Si avviò con passo più o meno deciso verso la sua camera, verso la loro camera. Aprì la porta con cauta lentezza e prima di entrare fece capolino per controllare che all’interno non ci fosse nessuno. Tirò un sospiro di sollievo quando trovò la camera vuota; era tutto in perfetto ordine, come sempre.  Il suo sguardo ricadde immediatamente sul letto, ovviamente sistemato , dove erano piegati e pronti per essere via tutti i suoi abiti e le sue cianfrusaglie. Sentì un groppo alla gola e roteò gli occhi per impedire alle sue lacrime di scendere. Non doveva piangere, non lì, non in quel momento.  Se Magnus fosse improvvisamente entrato e lo avesse visto avrebbe potuto pensare e dire qualcosa sulla sua fragilità da ragazzo mortale qual’era e come questa fosse proprio una delle ragioni che lo avevano indotto a lasciarlo. Invece no, se lo avesse dovuto incontrare, anche in mezzo al corridoio, gli avrebbe dimostrato che era capace di affrontare quella situazione perché non era debole e sapeva controllare le sue emozioni, anche davanti a lui.

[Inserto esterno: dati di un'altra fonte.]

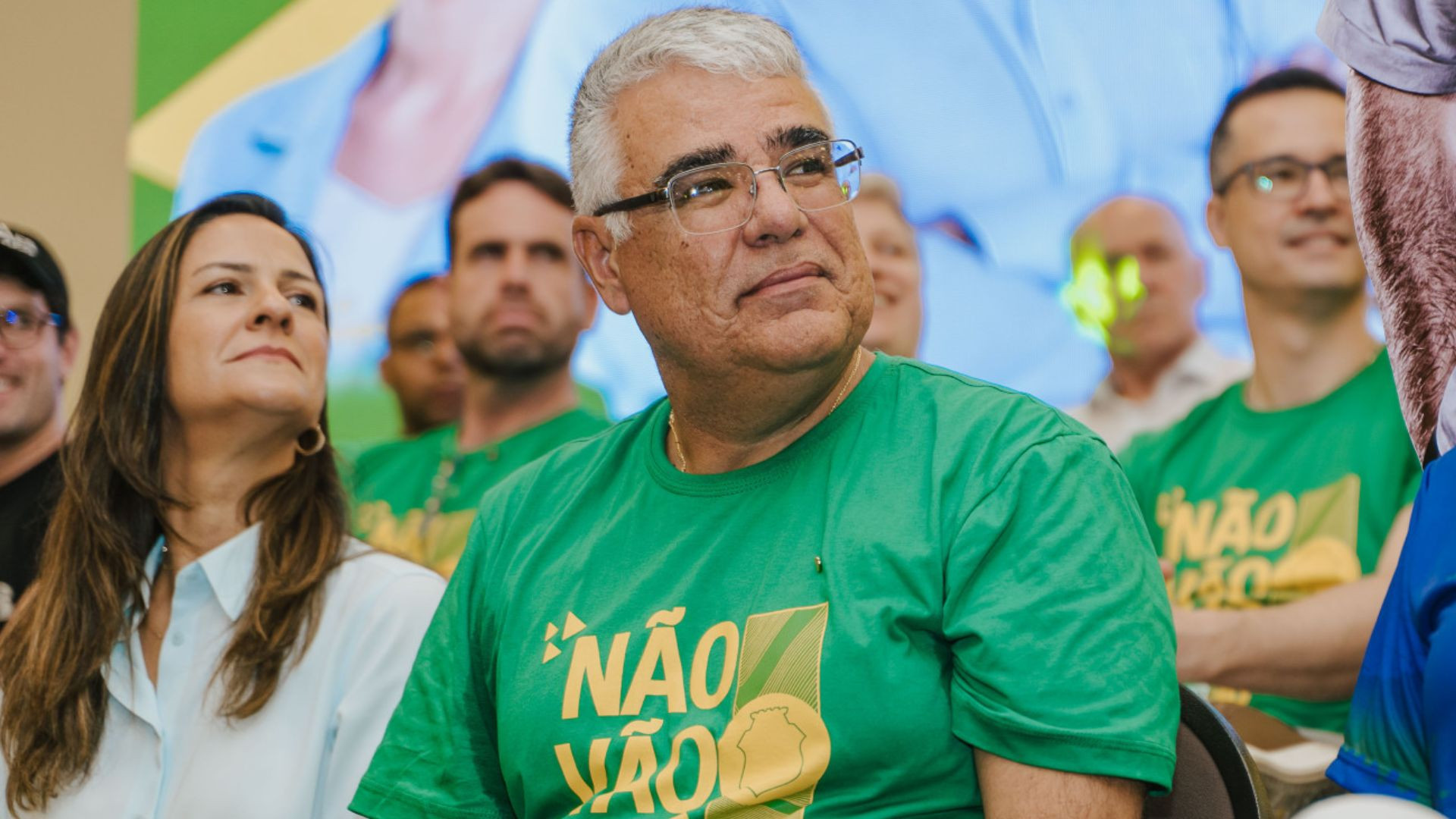 ￼O senador Eduardo Girão (Novo) fez o lançamento oficial de sua pré-candidatura em novembro (Foto: JÚLIO CAESAR)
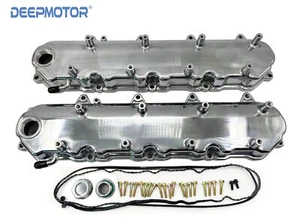 Cast Aluminum Valve Covers w/ Coil Mounts for GM LT GEN V 5.3 6.2 LT1 LT4 Sliver - Foto 1 di 4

Non appena ebbe finito di  sistemare tutto nel suo borsone, se lo mise in spalla e uscì dalla stanza richiudendosi lentamente la porta alle spalle. Chiuse gli occhi e sospirò, era tremendamente stanco e aveva solo voglia di tornare all’Istituto e buttarsi a capofitto nelle prossime missioni per poter svuotare la sua mente da tutti quei pensieri. Un rumore, tuttavia, lo distrasse dal suo flusso di coscienza e lo riportò alla realtà. Si guardò intorno furtivamente e lanciò uno sbuffo, sia di sollievo che di delusione, quando vide Chairman Meow che si rotolava sul pavimento per attirare la sua attenzione. Era abituato ad ogni atteggiamento di quella bestiola e col tempo aveva imparato ad affezionarsi anche a quel gatto.  Mosse qualche passo in direzione dell’animale, si abbassò a grattargli la pancia per qualche istante e con riluttanza si alzò e si avvicinò alla porta. Prima di uscire guardò per l’ultima l’abitazione per qualche tempo aveva considerato casa sua. Sarebbe mai tornato lì? Avrebbe mai rivisto Magnus? Non aveva nemmeno saputo se in quello stesso momento lui fosse in casa, non aveva voluto indagare e sentiva che era giusto così, per entrambi.  Dopo qualche istante si avviò fuori da quella casa e passò velocemente sul vialetto senza voltarsi nemmeno un secondo a fissare dietro di se.
Se solo lo avesse fatto, avrebbe visto un’esile figura che dalla finestra , con aria sconfitta, lo vedeva scomparire nel caos della Grande Mela.